Feature Requests Roadmap

Dustin Sallings edited this page Sep 26, 2012 · 2 revisions

(this is derived from an email exchange between two contributors)

In no particular order:

Ability to define aggregation pattern that can be saved as schema in the database

Use case

I know my typical aggregation pattern, so I define it ONCE in/as the database schema.

Later, when I will live query data or use deferred data processing, I can use the already saved aggregation pattern.

This feature shall faciliate ease of use and save time.

Comment

I've thought about this one for sure. It's actually possible to do externally already, just not very magically. I'll learn more when I get more internal people pushing it.

Deferred data processing

Use case

When dataset [input to data processing tasks] is too big, i.e. live queries become "unresponsive" or when most of reporting/analytics tasks are done with aggregated data

Idea

Use smth like stored procedures for aggregation/map/reduce/pipes [Mongo 2.2].

Example

I collect events from application servers. For my reporting purposes I do not need raw data, but I need the data to be aggregated with 5 min, 15 min, 1 hr, 12 hrs and 24 hrs intervals. I do not need aggregated data in real-time. And there are 20 people like me, who hammer the aggregated data. I/application define rules for data aggregation/pipes/etc and schedule when it shall be run [e.g. at night], i.e. I schedule a batch processing task, which aggregates data according to the already defined db schema and saves the results into the database. When I need to query data later on, I can use already pre-computed data instead of live query each time.

Comment

I could probably prioritize the query/doc processing and get most of this out of the way, or something like what I've been thinking about for #4.

Availability

Idea

Add master-slave(s) replication and automatic failover. This shall facilitate ease of use, reduction of maintenance and user adoption.

Comment

I've been tempted to add replication -- not because I need it, but because it's just really easy. master-slave is completely trivial. master-master isn't hard, but requires a tiny bit of state to be tracked I don't have an easy way to do yet. It'd be worth it just for fun.
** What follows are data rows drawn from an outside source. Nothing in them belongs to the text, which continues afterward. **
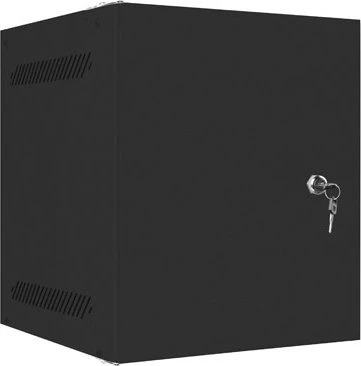 Lanberg 10" 6U 280x310 Wandgehäuse Metalltür (FlatPack) schwarz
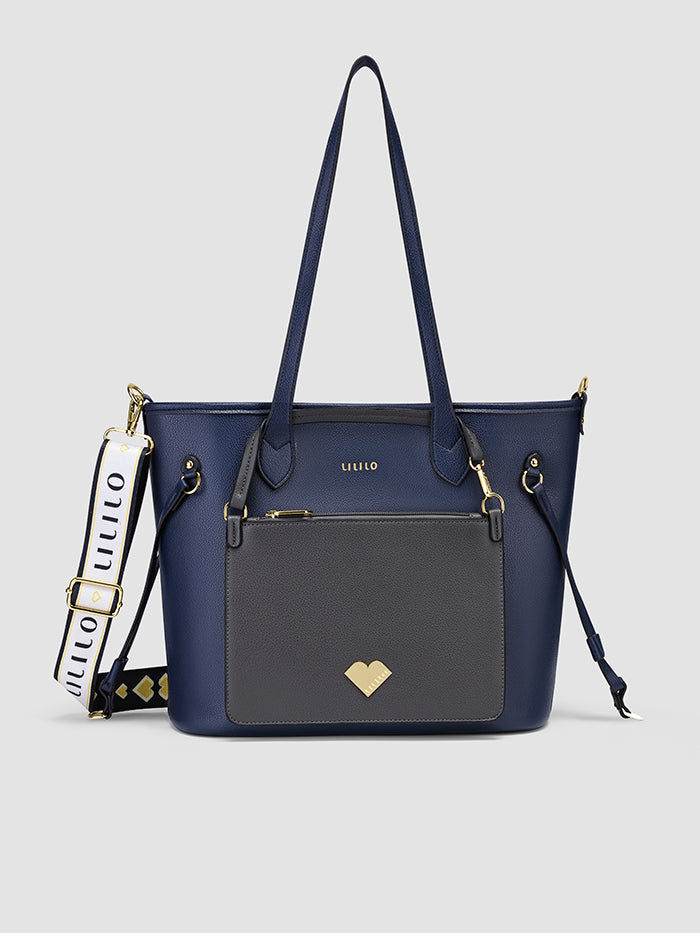 Two Faced Reversible Tote Bag - Pouch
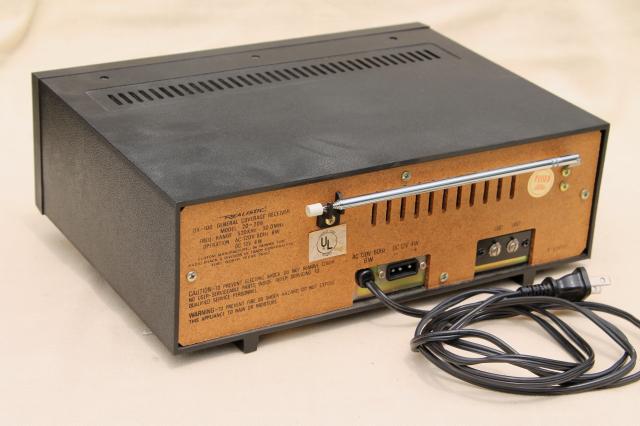 Realistic/Tandy DX-100 4 band receiver 80s vintage shortwave radio w/ original box 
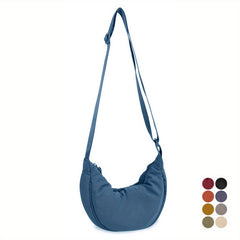 Nylon Crossbody Bag Lightweight Sling Bag Zipper Purse Adjustable Strap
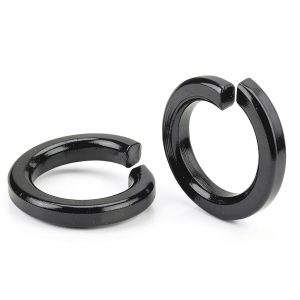 M8 Black Split Lock Washer by sotoolstop 100pcs Stainless Steel-0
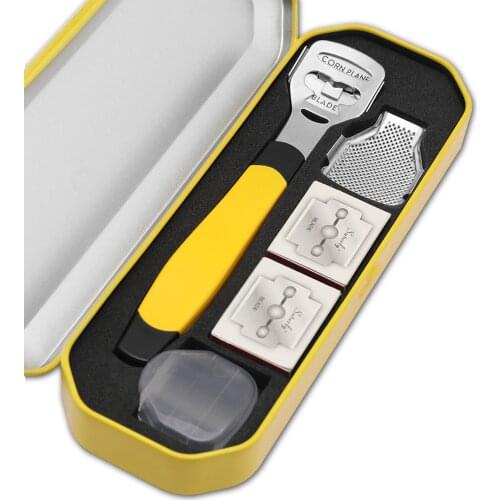 5Pcs Feet Shaver Set Planing Foot Skin Shaving Tools Heel Feet Skin Shaver Corn Cuticle Cutter Remover Rasp Pedicure Razor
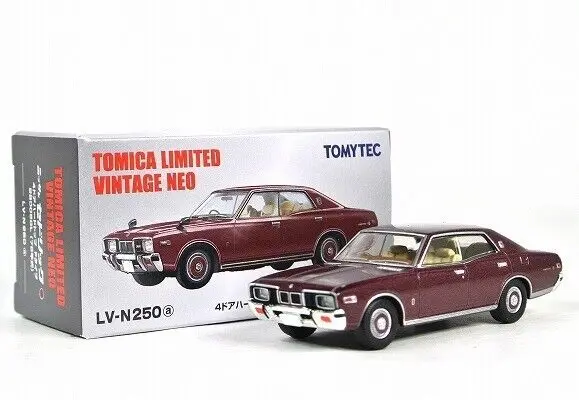 Tomica Limited Vintage Neo 1/64 LV-N250a Cedric 4-Door HT F-Type 2800SGL Diecast Model Car Collection Limited Edition Hobby Toys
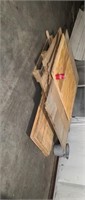 Pallet of miscellaneous plywood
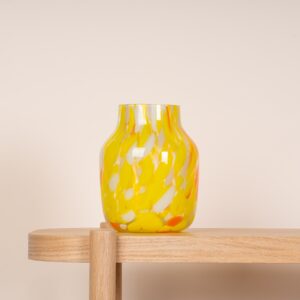 Glasvase Konfetti Gelb Orange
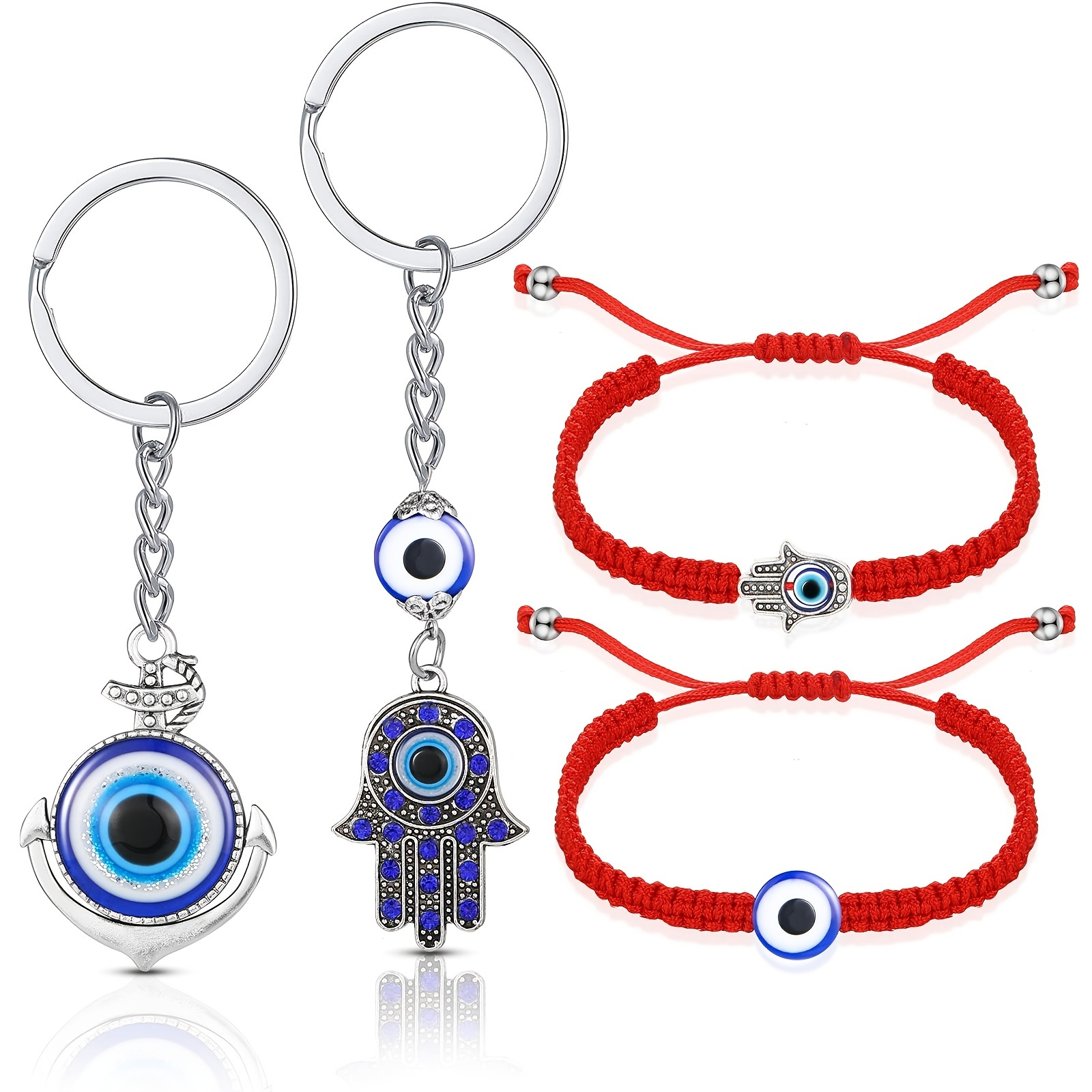 Acheter Porte-clés mauvais œil bleu turc, pendentif mauvais œil, perle,  bijoux de voiture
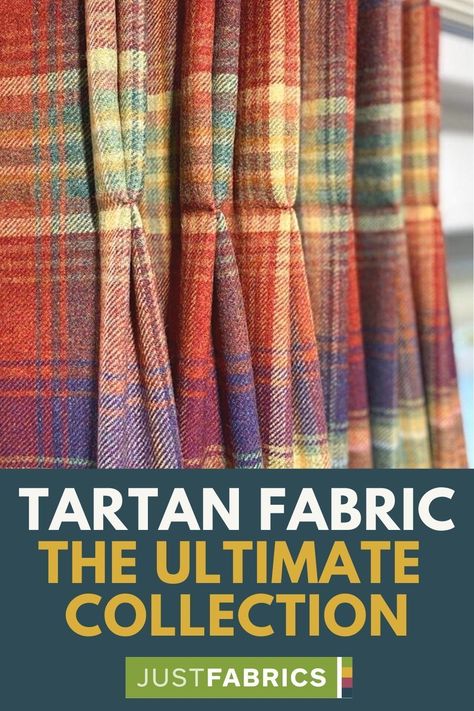 Tartan Curtains Living Room, Tartan Fabric Pattern, Tartan Furniture, Tartan Chair, Tartan Curtains, Tartan Decor, Scottish Interiors, Scottish Decor, Rustic Country Home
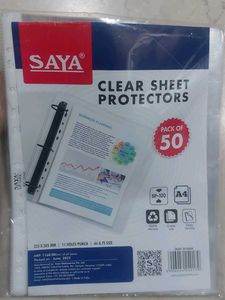 Saya Clear Sheet Protectors - Pack of 50
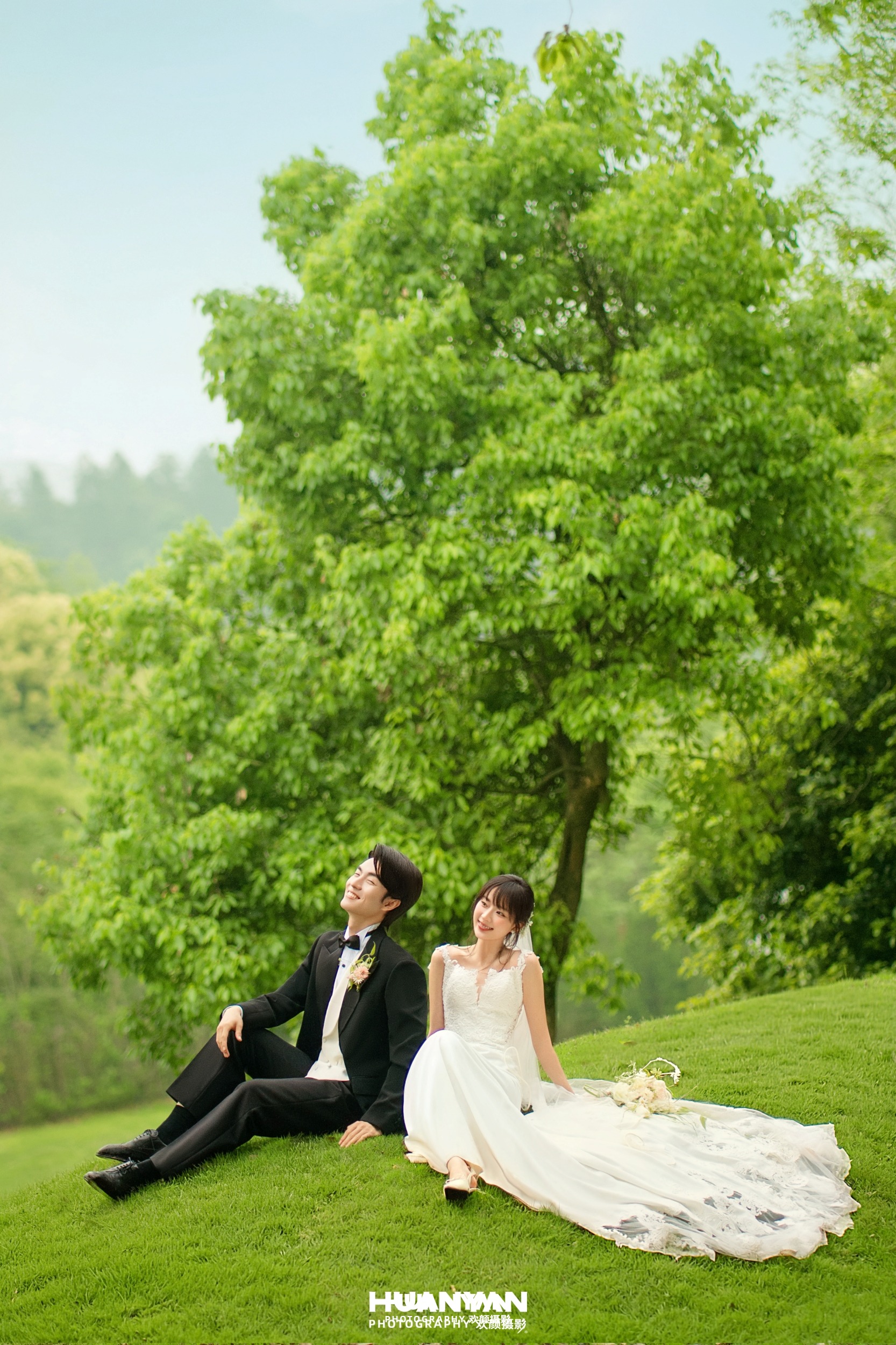 户外自然清新自然婚纱照实拍（杯中盛夏系列）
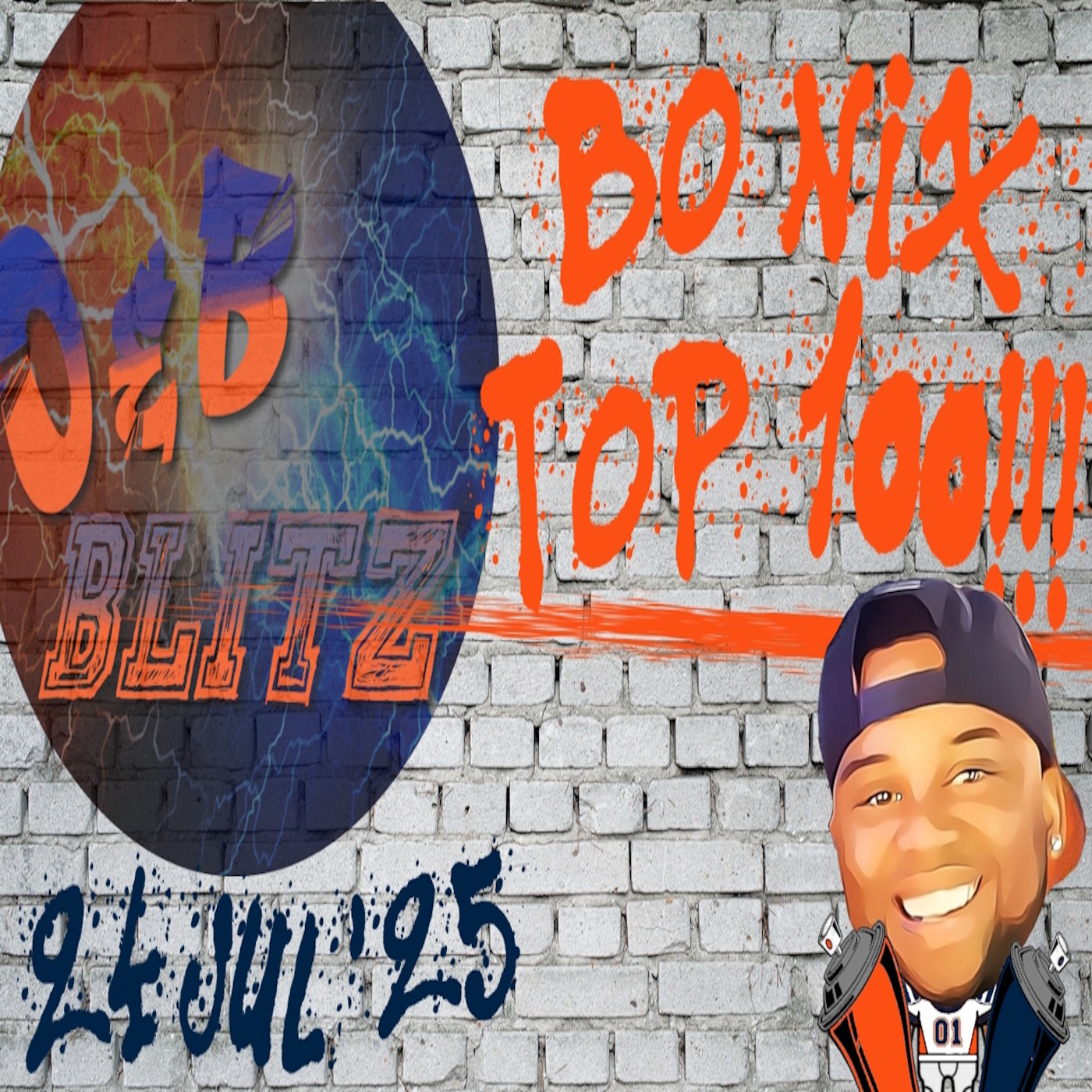Bo Nix Top 100!!! | ORANGE & BLUE BLITZ episode artwork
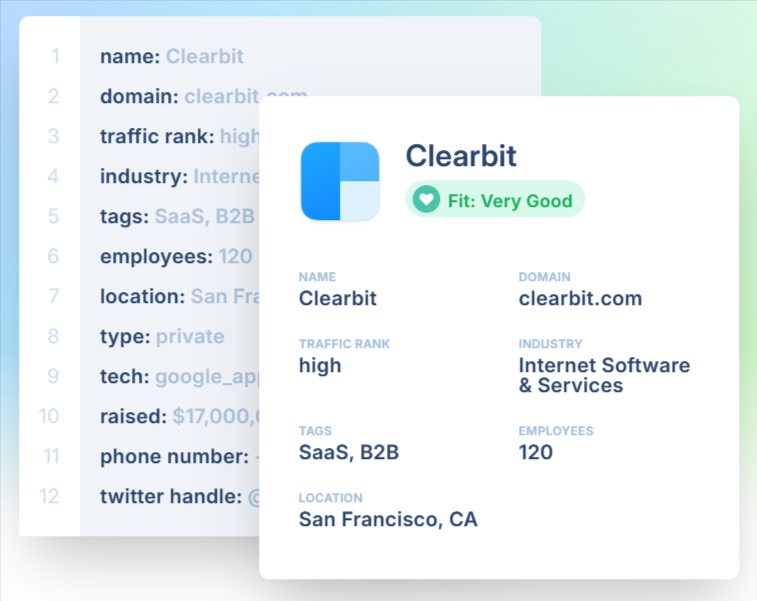 clearbit tool screenshot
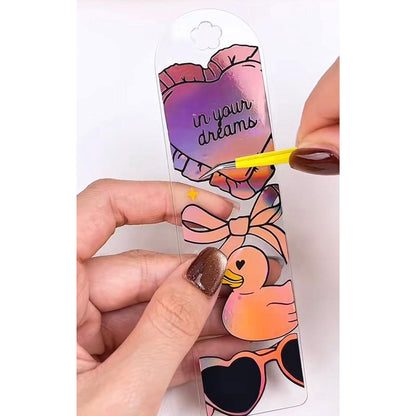 Flower Bookmark / 5 Acrílicos De Flor Para Separadores de Libros Accesorios Teckwrap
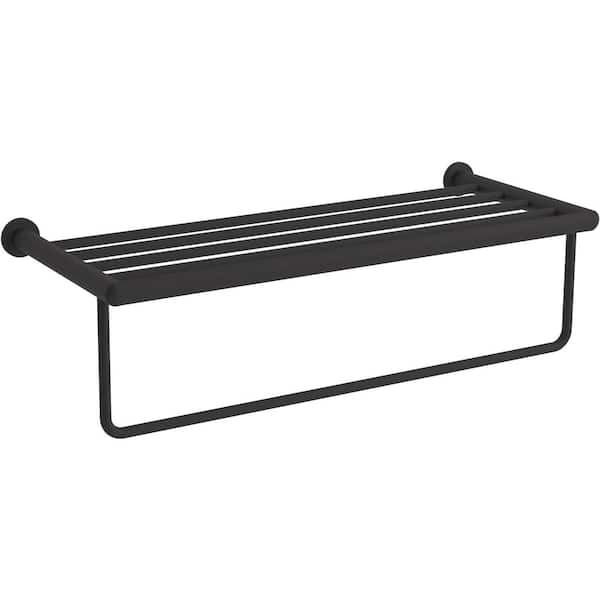 KOHLER Kumin 1-Bar Towel Rack in Matte Black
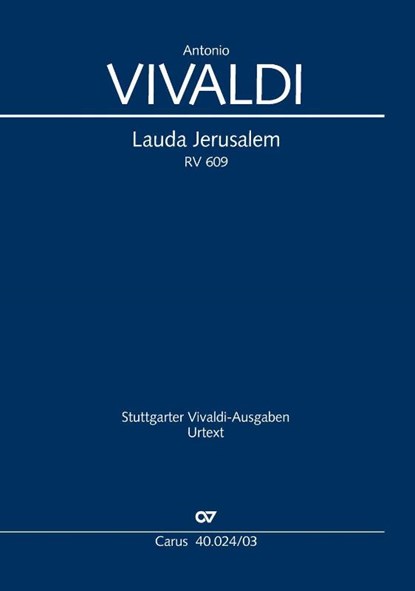 Lauda Jerusalem (Klavierauszug), Antonio Vivaldi - Paperback - 9790007355371
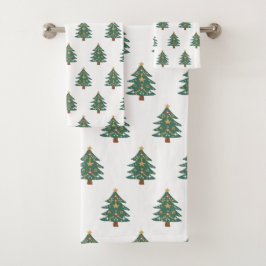 kerstboompatroonkeuken bad handdoek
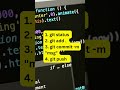 Git commands #shorts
Sharding data automatically and/or easily across available nodes

Comment

I have a lot of infrastructure for this. To be efficient, I need something like _all_docs that doesn't include the values and/or something like get that evaluates jsonpointer. Then you could pretty well round-robin your writes and have a front-end that does this last-step work. Harvest the range from all nodes concurrently while collating the keys. Once you find a boundary from every node, you have a fully defined chunk and can start doing reductions on it. A slightly harder, but more efficient integration is to have two-phase reduction and let the leaves do a bunch of the work while the central thing just does collation. You wouldn't be able to stream results in that scenario, though.

Some way to ensure that data is never lost

Ability to guarantee that data was safely delivered to database and stored there.

Comment

Is this as simple as disabling DELETE and PUT (where a document doesn't exist)?